De l'entente cordiale à l'extrême tension
Depuis trois ans, les relations entre l’exécutif et le Sénat alternent entre entente cordiale, coups de chaud, et même extrême tension lors de la commission d’enquête Benalla. Les relations entre Gérard Larcher et Emmanuel Macron, qui échangent plus ou moins régulièrement, en ont pris un sérieux coup à ce moment-là.
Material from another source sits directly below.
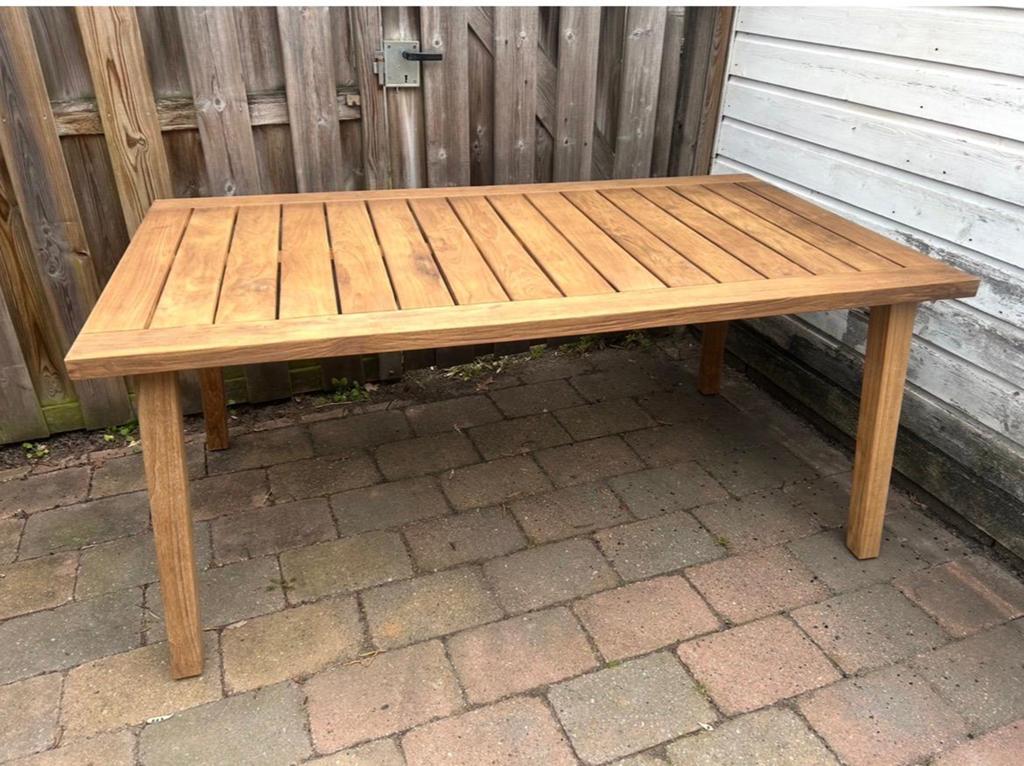 4 seasons outdoor teak tafel Venice 170x95 (teakhout poten), Ophalen, Nieuw, Rechthoekig, Teakhout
La transmission à la justice des cas de proches d’Emmanuel Macron, son directeur de cabinet, Patrick Strzoda, et le secrétaire général de l’Élysée, Alexis Kohler, est très mal passée. « La commission Ben alla, c’était une commission à charge pour mettre en cause Strzoda et Kohler » dit aujourd’hui un responsable de la majorité présidentielle. Malgré les soupçons de faux témoignage qui concernaient surtout Patrick Strozda – le cas d’Alexis Kohler avait été transmis sans pouvoir le suspecter du même délit – ils ont été blanchis par le parquet.
« Larcher a été pacificateur sur la commission d’enquête Ben alla »
En réalité, au moment de la commission d’enquête, le président du Sénat n’avait pas la véhémence d’un Philippe Bas, qui la présidait, ou d’un Bruno Retailleau, chef de file des sénateurs LR. Ces deux-là voulaient en découdre, avec comme seule arme le droit. Gérard Larcher a davantage cherché à temporiser.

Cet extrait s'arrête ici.